Many commentators (and citizens with common sense) have been uncomfortable, from  Peretz’s initial appointment as defense minister, with the idea that someone completely unfamiliar with the defense establishment is suddenly at its helm. Peretz wanted to be the minister of the treasury–a position now in limbo because of the audacious indiscretions of its former occupant, and ongoing criminal investigations surrounding Olmert, who assigned the position to himself. Olmert’s price for becoming Prime Minister was to recklessly relegate Shaul Mofaz, the reigning defense minister and former Chief of Staff, to minister of transportation, and promote Amir Peretz to the coveted post of defense minister. Olmert should have never made this appointment. By the same token, Amir Peretz should have declined based on his lack of experience, given the volatility of the region and the sensitivity of the post. By accepting the post of defense minister, Peretz, who was known as a champion of Palestinian rights, ended up presiding over numerous incidents in which innocent Palestinian blood was shed. Hardly the dove Peretz’s constituents hoped for when the latter overtook the ever-defeatable Shimon Peres in the 2005 Labor primaries. Alienating your constituents is one thing. But Amir Peretz’s refusal to acknowledge that he was in way over his head no doubt caused unnecessary casualties and heartbreak.

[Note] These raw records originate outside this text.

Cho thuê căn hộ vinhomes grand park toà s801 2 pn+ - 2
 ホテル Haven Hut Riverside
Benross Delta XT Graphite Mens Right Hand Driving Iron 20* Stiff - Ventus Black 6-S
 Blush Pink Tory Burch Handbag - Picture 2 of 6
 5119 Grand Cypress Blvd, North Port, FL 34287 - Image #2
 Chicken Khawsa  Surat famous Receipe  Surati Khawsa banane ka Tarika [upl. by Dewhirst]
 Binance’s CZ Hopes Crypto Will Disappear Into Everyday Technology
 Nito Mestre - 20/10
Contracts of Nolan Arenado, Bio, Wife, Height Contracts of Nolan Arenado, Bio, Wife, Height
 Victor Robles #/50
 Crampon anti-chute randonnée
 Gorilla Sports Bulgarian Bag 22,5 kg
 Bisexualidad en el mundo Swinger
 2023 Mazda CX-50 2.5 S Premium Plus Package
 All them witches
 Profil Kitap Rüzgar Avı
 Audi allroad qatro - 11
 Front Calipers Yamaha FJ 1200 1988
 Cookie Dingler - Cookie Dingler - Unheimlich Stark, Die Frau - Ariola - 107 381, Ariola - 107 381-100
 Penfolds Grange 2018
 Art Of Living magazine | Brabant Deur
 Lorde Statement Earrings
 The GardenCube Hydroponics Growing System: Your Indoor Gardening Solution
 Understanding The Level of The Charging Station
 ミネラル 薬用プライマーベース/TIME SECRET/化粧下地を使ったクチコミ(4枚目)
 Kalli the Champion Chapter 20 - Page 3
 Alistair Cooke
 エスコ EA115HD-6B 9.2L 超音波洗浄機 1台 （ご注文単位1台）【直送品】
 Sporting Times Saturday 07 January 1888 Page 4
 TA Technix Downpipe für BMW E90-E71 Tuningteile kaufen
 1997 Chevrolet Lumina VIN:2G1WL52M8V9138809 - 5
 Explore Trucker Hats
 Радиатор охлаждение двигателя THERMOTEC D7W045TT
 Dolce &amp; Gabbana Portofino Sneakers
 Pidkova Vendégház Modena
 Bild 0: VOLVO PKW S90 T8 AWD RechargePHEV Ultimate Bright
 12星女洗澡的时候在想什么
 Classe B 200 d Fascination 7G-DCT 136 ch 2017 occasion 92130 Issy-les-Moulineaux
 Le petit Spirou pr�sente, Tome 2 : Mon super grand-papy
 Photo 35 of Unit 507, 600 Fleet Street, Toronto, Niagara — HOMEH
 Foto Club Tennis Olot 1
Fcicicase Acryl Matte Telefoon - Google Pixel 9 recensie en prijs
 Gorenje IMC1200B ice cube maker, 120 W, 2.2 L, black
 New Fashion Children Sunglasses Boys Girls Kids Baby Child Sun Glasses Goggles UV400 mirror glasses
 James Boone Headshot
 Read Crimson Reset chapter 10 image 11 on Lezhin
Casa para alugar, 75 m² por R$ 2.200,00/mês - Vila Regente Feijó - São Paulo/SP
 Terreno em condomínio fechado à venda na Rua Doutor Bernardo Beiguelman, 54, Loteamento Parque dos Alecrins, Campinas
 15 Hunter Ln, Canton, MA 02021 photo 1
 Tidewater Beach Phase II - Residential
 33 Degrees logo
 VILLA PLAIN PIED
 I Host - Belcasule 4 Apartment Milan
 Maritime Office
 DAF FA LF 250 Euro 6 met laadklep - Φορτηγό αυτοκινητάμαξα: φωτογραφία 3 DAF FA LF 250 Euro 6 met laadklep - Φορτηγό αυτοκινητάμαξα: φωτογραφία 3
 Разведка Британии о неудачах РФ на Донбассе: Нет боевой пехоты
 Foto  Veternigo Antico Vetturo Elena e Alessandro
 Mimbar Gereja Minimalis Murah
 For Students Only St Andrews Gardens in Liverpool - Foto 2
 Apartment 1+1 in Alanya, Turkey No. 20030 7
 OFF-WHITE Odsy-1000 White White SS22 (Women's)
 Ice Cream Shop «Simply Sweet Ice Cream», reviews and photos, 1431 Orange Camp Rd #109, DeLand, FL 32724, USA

Last but not least, Ehud Olmert. He looked exhausted yesterday at the appointment of the new chief of police, and the feeling is mutual. The country is tired of Ehud Olmert, who ever since the Second Lebanon War has been fighting a daily battle to remain in office. Some 75% of Israelis recently polled want him to tender his resignation immediately. The sad truth for Olmert is that his resignation or ousting in a no-confidence vote spell the end of his political career. All indications are that Olmert will be defeated handily in the Kadima primaries by Tzippy Livni, who will confront the prime minister with an ultimatum this afternoon: either you resign or I do. The implication of Livni’s resignation is likely a wholesale mutiny in Kadima.

This country deserves better. I can’t wait to cover the new elections.